> [THE PROBLEM]
Pictures aside, restate the records below exactly as written.

> [DATASET EXTRACT]
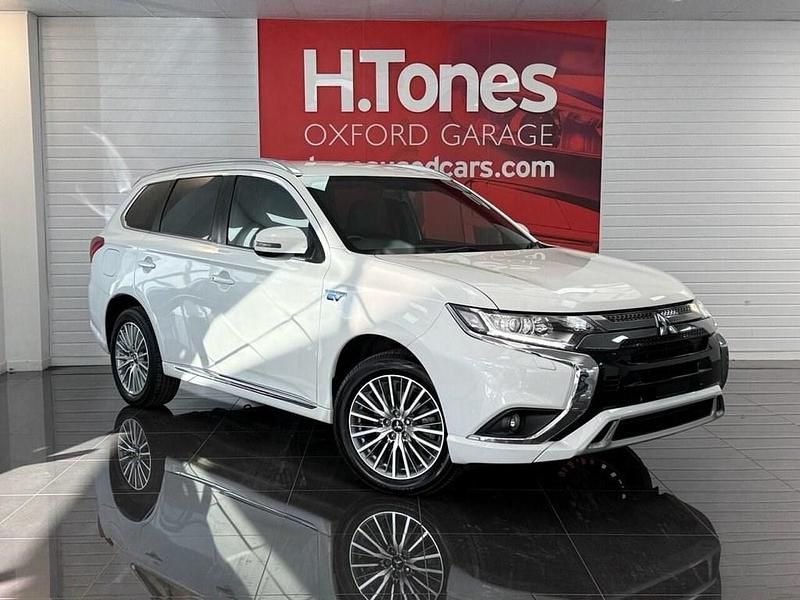 Used Mitsubishi Outlander 224 HP (164 kW) 2020 White SUV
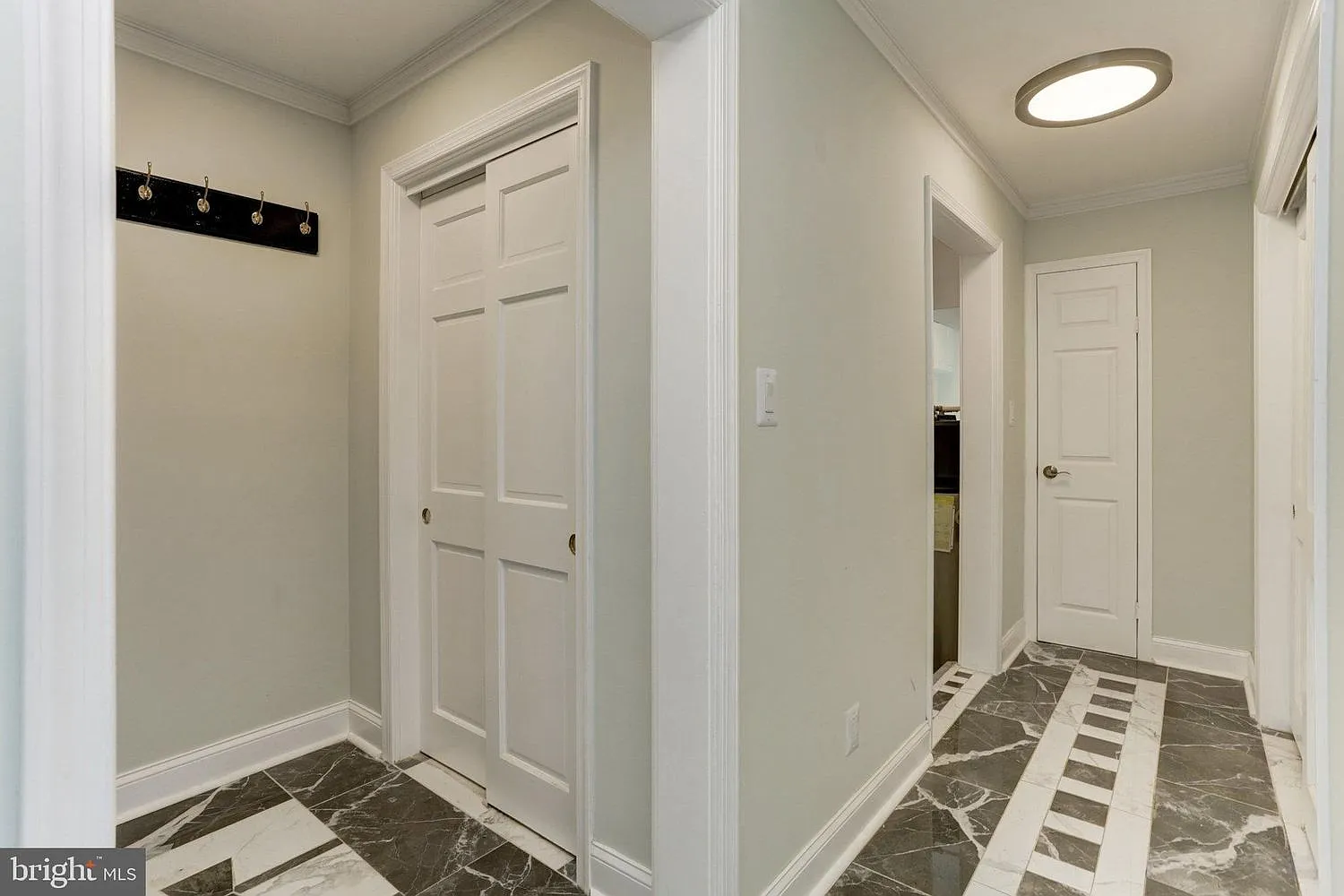 3 bed, 1914 sqft, $3,750 — Photo 3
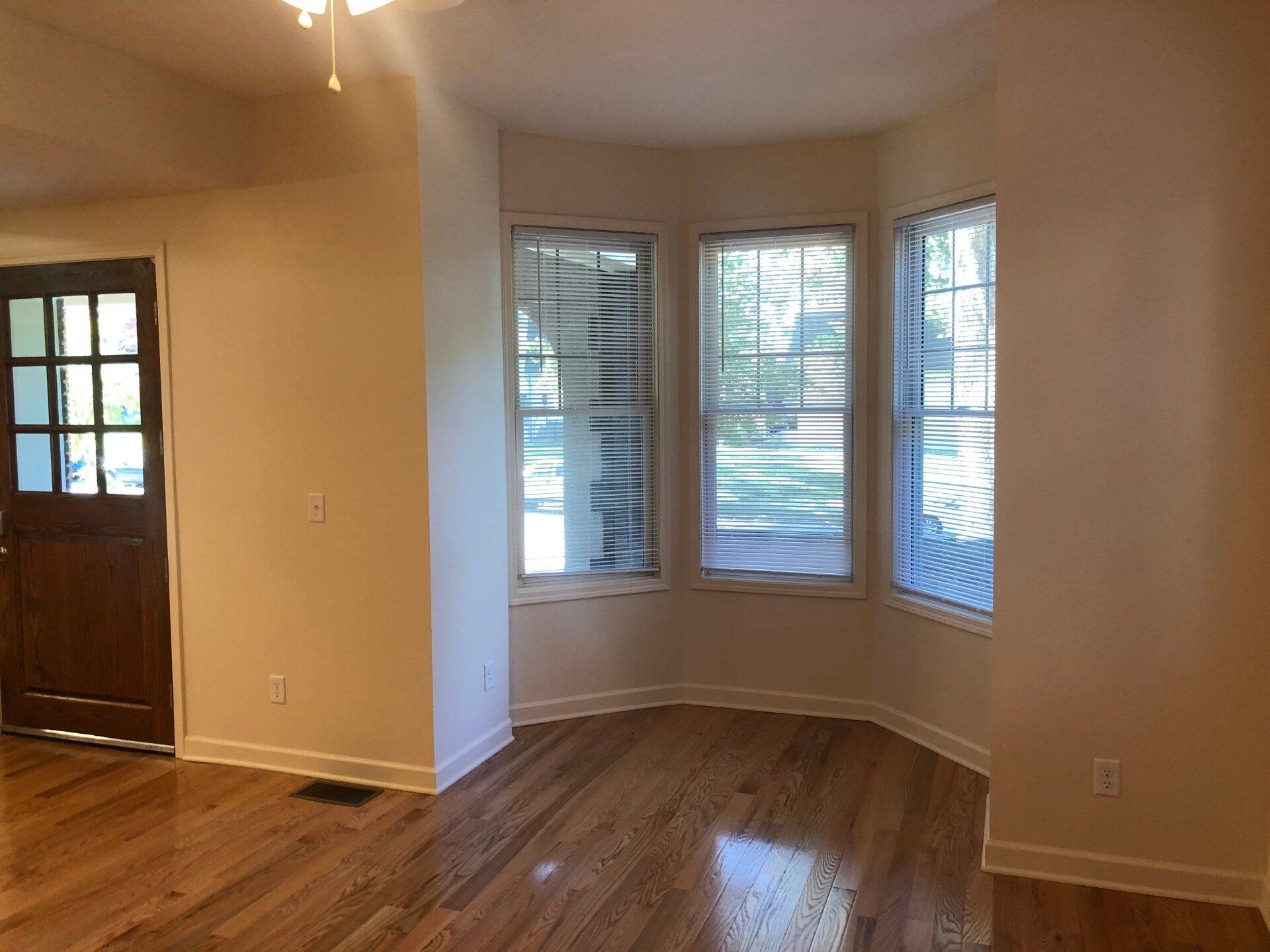 112 E. 14th Ave Apt. A living room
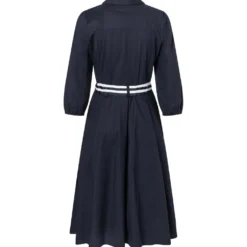 Hemdblusenkleid mit streifengürtel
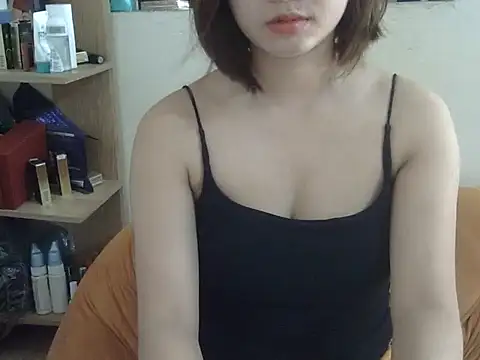 Snapshot of anna-sweet69 chatting on October 1, 3:12 am anna-sweet69 online show from October 1, 3:12 am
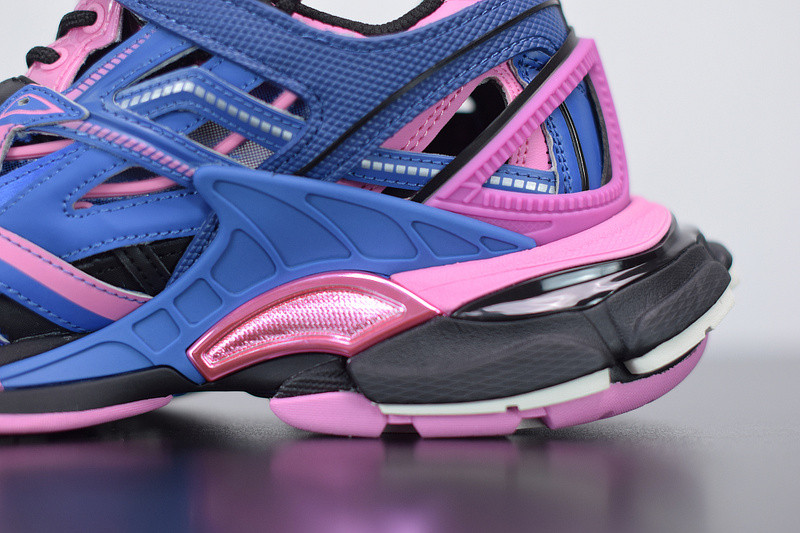 bc track sneaker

> [TASK SOLUTION]
 Used Mitsubishi Outlander 224 HP (164 kW) 2020 White SUV
 3 bed, 1914 sqft, $3,750 — Photo 3
 112 E. 14th Ave Apt. A living room
 Hemdblusenkleid mit streifengürtel
 Snapshot of anna-sweet69 chatting on October 1, 3:12 am anna-sweet69 online show from October 1, 3:12 am
 bc track sneaker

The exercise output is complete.